The National Union of Metalworkers of South Africa (Numsa) is planning to form a political party to fight for the abolishment of capitalism and the nationalisation of “white monopoly capital”. It already has 170 potential foot soldiers that will take up this cause at a national conference envisioned for next year.
Numsa held its 10th national congress in Cape Town this week, where its leaders were returned to their positions unopposed, and metalworkers affirmed that the need to establish a socialist political party is “urgent”.
The union first broke ranks with its allies in the ANC and South African Communist Party in 2013 and was expelled from the trade union federation Cosatu a year later.
Members are now more determined than ever to forge ahead with a political party.
Initially touted as the Movement for Socialism and preceded by the establishment of a community umbrella body, the United Front (UF), Numsa has since established a co-ordinating task team to further its push for a political party.
The team responsible for organising the conference includes Numsa’s general secretary, Irvin Jim, Azwell Banda, Norma Craven and its chairperson, Professor Chris Malikane, of the University of the Witwatersrand.
At the union’s political school, Red 100, held from October 26 to 30 in Johannesburg this year, Numsa delegates discussed the formation of the party and “the basics of Marxist-Leninist theory and practice”, according to the organisational report presented by Jim.
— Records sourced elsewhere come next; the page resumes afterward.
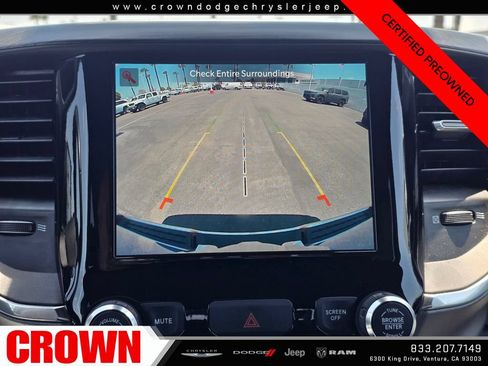 Certified 2024 RAM 1500 Laramie AWD/4WD image 22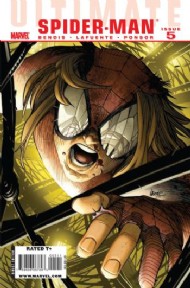 Ultimate Spider-Man (2nd Series) 2009 - 2010 #5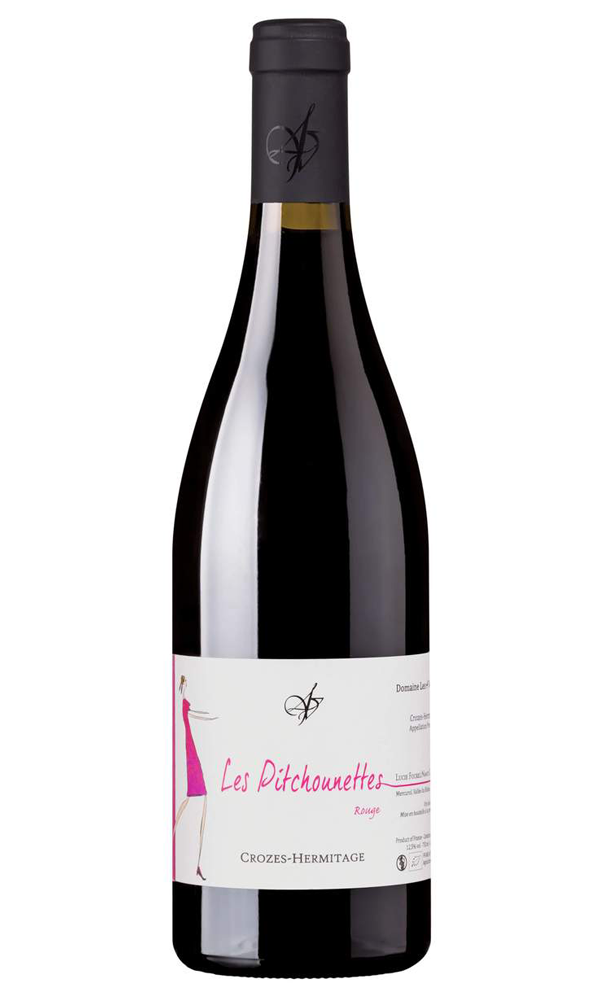 Domaine Les 4 Vents, Les Pitchounettes , Crozes Hermitage 2021 | Wine Affairs (1x75cl)
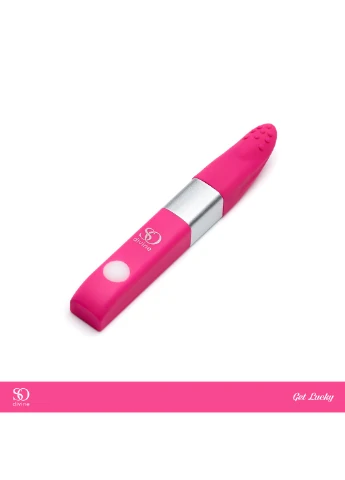 Мини USB вибратор для клитора Get Lucky So Divine (252612390)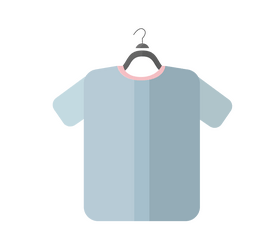 T shirt illustration clipart
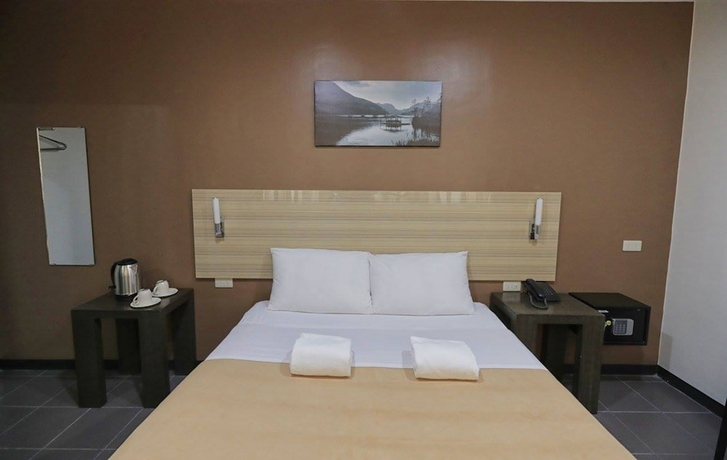 Imagen de la habitación del Hotel iaLodge. Foto 4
It has also commissioned opinion articles on unfolding national and international events.
The union has been criticised by ANC-aligned workers for its intention to form a party that will pose a challenge to the governing party but they have been ignored. Numsa’s organisational report reveals that plans are at an advanced stage.
“From the Red 100 school, we would hope to emerge with a core of cadres, capable of taking the discussion to locals and into communities and to begin to build a conscious layer of Marxists,” Jim wrote in the report.
“This should culminate early next year in a national conference to debate perspectives, tactics, strategies and policies.”
But there are already signs that the union has failed to convince its members to take the formation of the party seriously and fuse the work of the union with the party’s political ideology.
After its regional policy workshops, the Numsa central committee decided to speed up the establishment of a “Workers’ Party for Socialism”, and decided that the Movement for Socialism’s task team should be part of local and regional shop stewards, council meetings.
“Unfortunately these meetings are disorganised and we find out after the event or we get an apology for forgetting to invite us. These bodies are the budding Soviets of the revolution and yet political discussion and interaction seem to be a very low priority,” Jim said in the report.
To counter that, the union wants to swell the ranks of the Movement for Socialism with Numsa members.
“The tasks remaining now are for the union to create a national structure with offices and all necessary facilities to begin the work of building the party across the country. There is no time to waste,” Jim said.
But the general secretary was more cautious about the United Front, warning that it needs to be managed carefully.
“We must always tolerate different political views but make sure that the UF is not left in the hands of NGOs [nongovernmental organisations] and single-issue groups with agendas which conflict with ours,” according to the report.